- TASK STATEMENT: Transcribe the line that contains "米兰或放弃引进新中卫 现有阵容获主帅信任" and every line after it to the end of the records, exactly and nothing else. Skip the pictures.
= Beginning of Section =
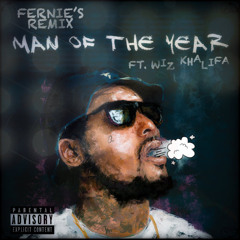 Man Of The Year Ft. Wiz Khalifa (Fernie's Remix)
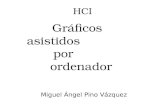 HCI Gráficos asistidos por ordenador Miguel Ángel Pino Vázquez.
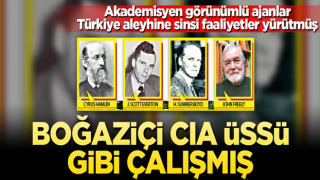 Boğaziçi CIA üssü gibi çalışmış! Akademisyen görünümlü ajanlar Türkiye aleyhine sinsi faaliyetler yürütmüş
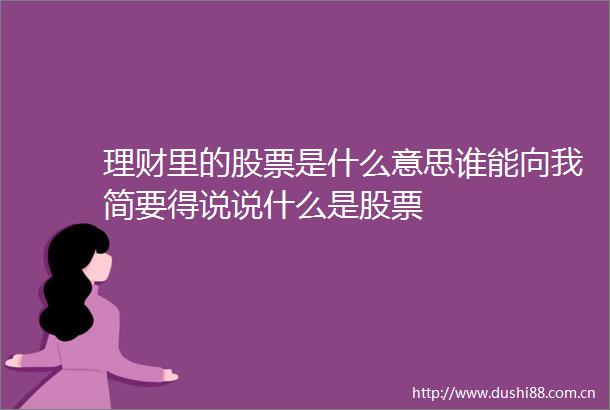理财里的股票是什么意思谁能向我简要得说说什么是股票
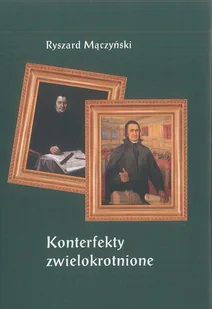 Konterfekty zwielokrotnione - Ryszard Mączyński - Religia i religioznawstwo - miniaturka - grafika 1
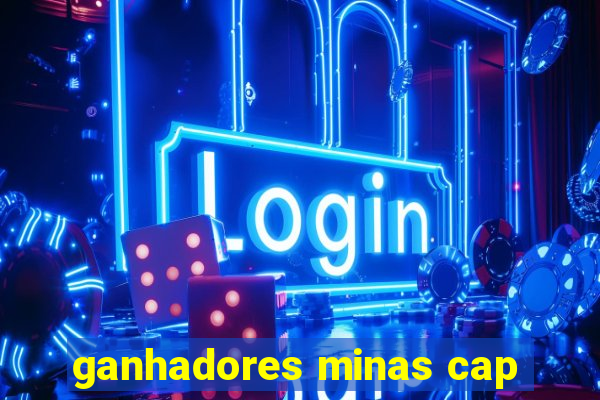 ganhadores minas cap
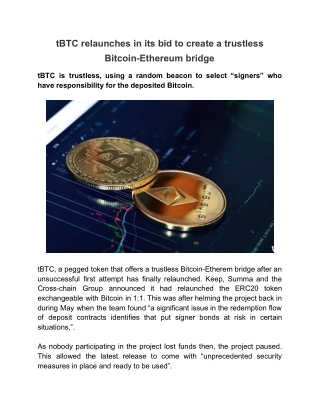 TBTC Relaunches in Its Bid to Create a Trustless Bitcoin-Ethereum Bridge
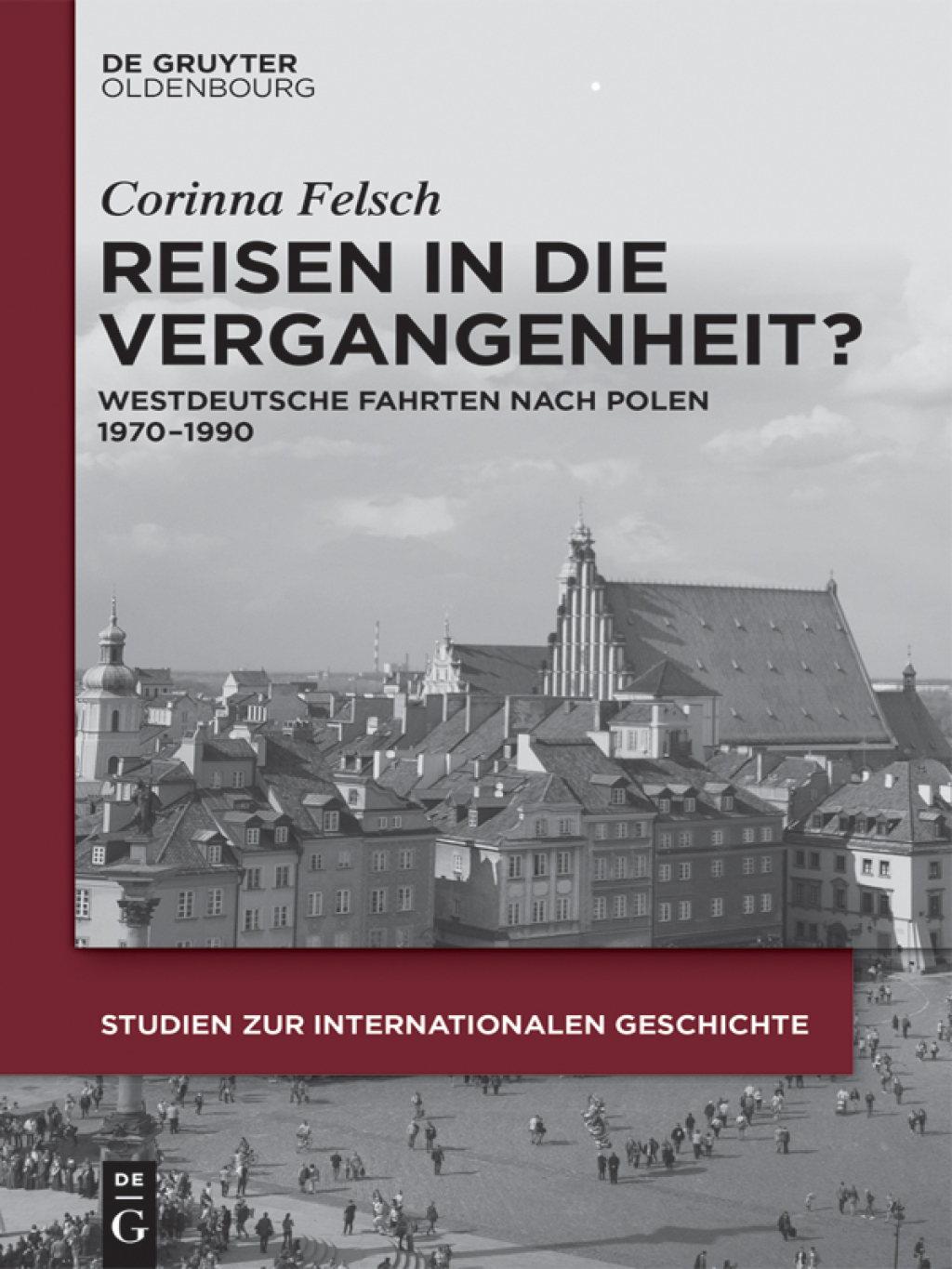 Reisen in die Vergangenheit? Westdeutsche Fahrten nach Polen 1970-1990 1st Edition
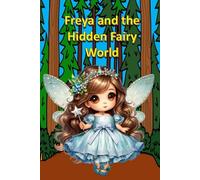 Freya and the Hidden Fairy World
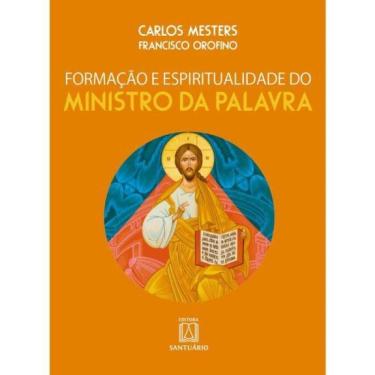 Imagem de Formacao E Espiritualidade Do Ministro Da Palavra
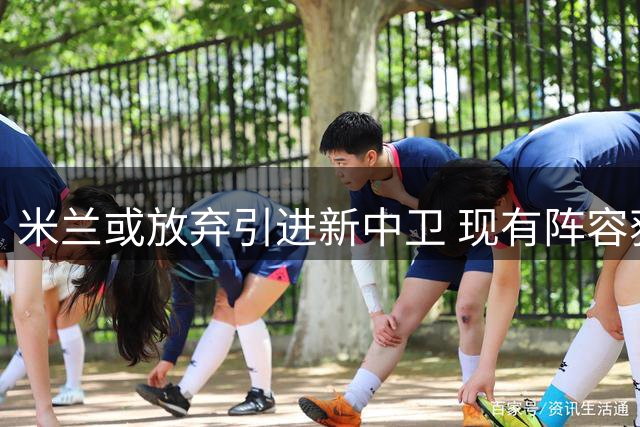米兰或放弃引进新中卫 现有阵容获主帅信任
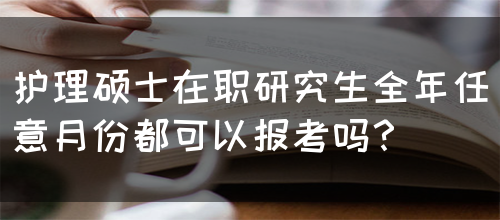 护理硕士在职研究生全年任意月份都可以报考吗？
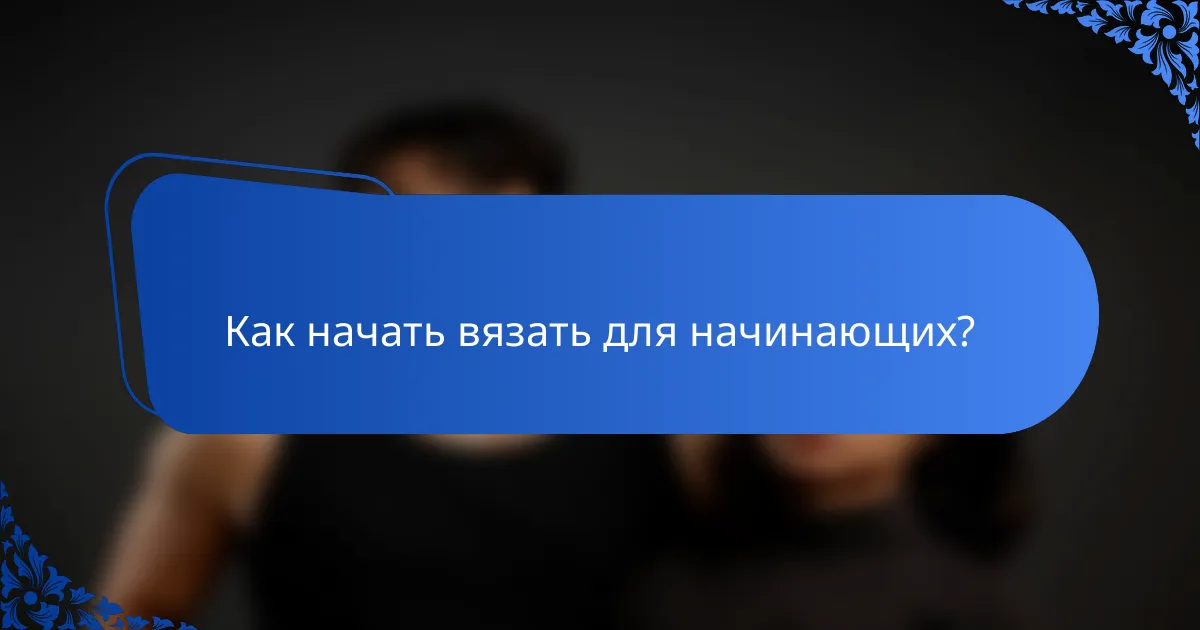 Как начать вязать для начинающих?
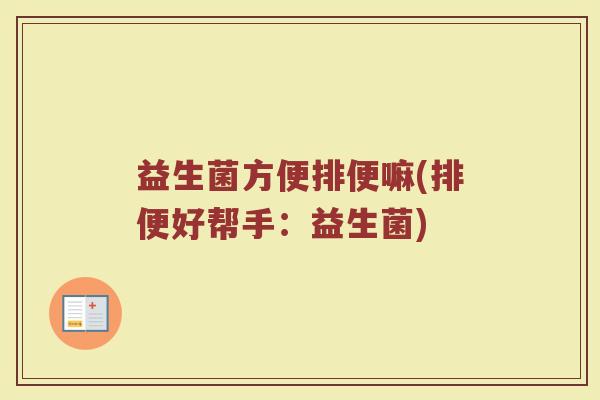 益生菌方便排便嘛(排便好帮手：益生菌)
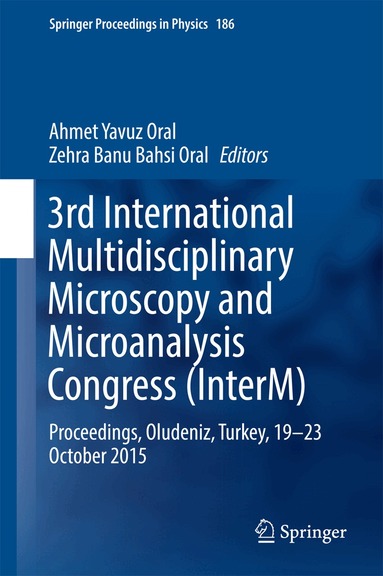 Ahmet Yavuz Oral, Zehra Banu Bahsi Oral - 3rd International Multidisciplinary Microscopy and Microanalysis Congress (InterM), Inbunden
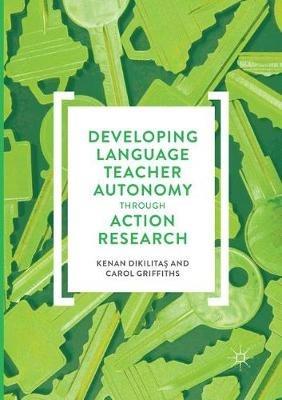 Developing Language Teacher Autonomy through Action Research - Kenan Dikilitas,Carol Griffiths - cover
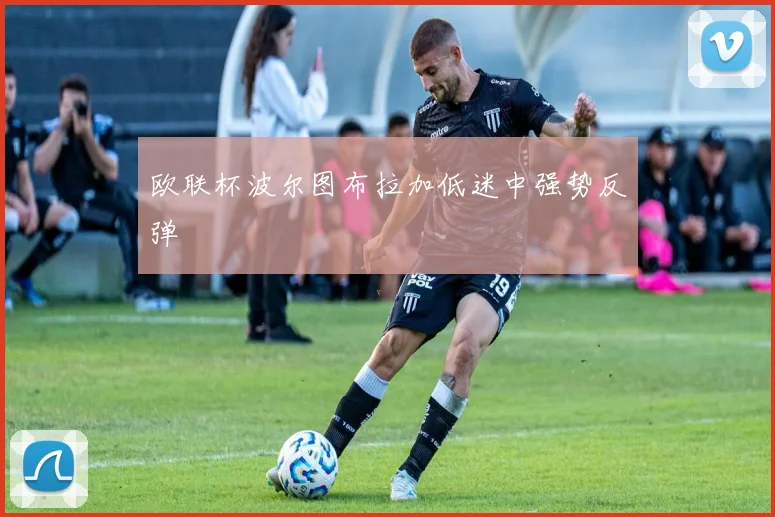 欧联杯波尔图布拉加低迷中强势反弹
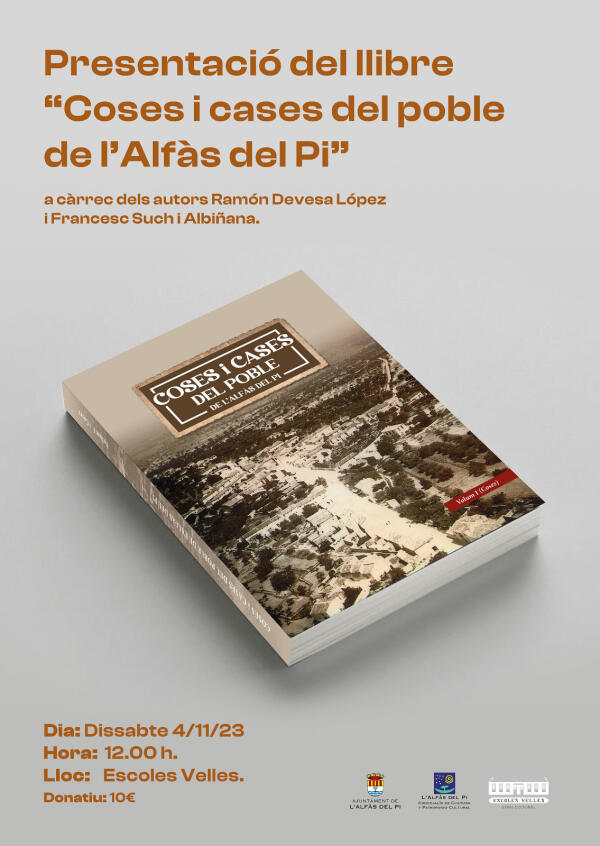 Mañana se presenta el libro ‘Coses i cases del poble de l’Alfàs del Pi en el Espai Cultural Escoles Velles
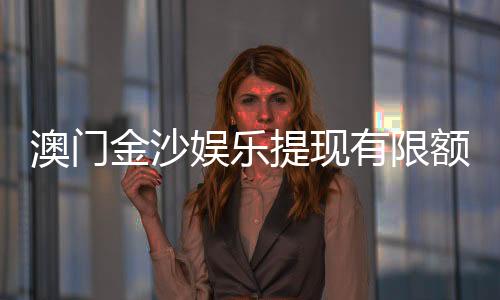 澳门金沙娱乐提现有限额吗？详解提现规则与额度限制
= End of Section =
- WRITTEN ANSWER:
米兰或放弃引进新中卫 现有阵容获主帅信任
 护理硕士在职研究生全年任意月份都可以报考吗？
 Как начать вязать для начинающих?
 益生菌方便排便嘛(排便好帮手：益生菌)
 Ahmet Yavuz Oral, Zehra Banu Bahsi Oral - 3rd International Multidisciplinary Microscopy and Microanalysis Congress (InterM), Inbunden
 Developing Language Teacher Autonomy through Action Research - Kenan Dikilitas,Carol Griffiths - cover
 欧联杯波尔图布拉加低迷中强势反弹
 Mañana se presenta el libro ‘Coses i cases del poble de l’Alfàs del Pi en el Espai Cultural Escoles Velles
 澳门金沙娱乐提现有限额吗？详解提现规则与额度限制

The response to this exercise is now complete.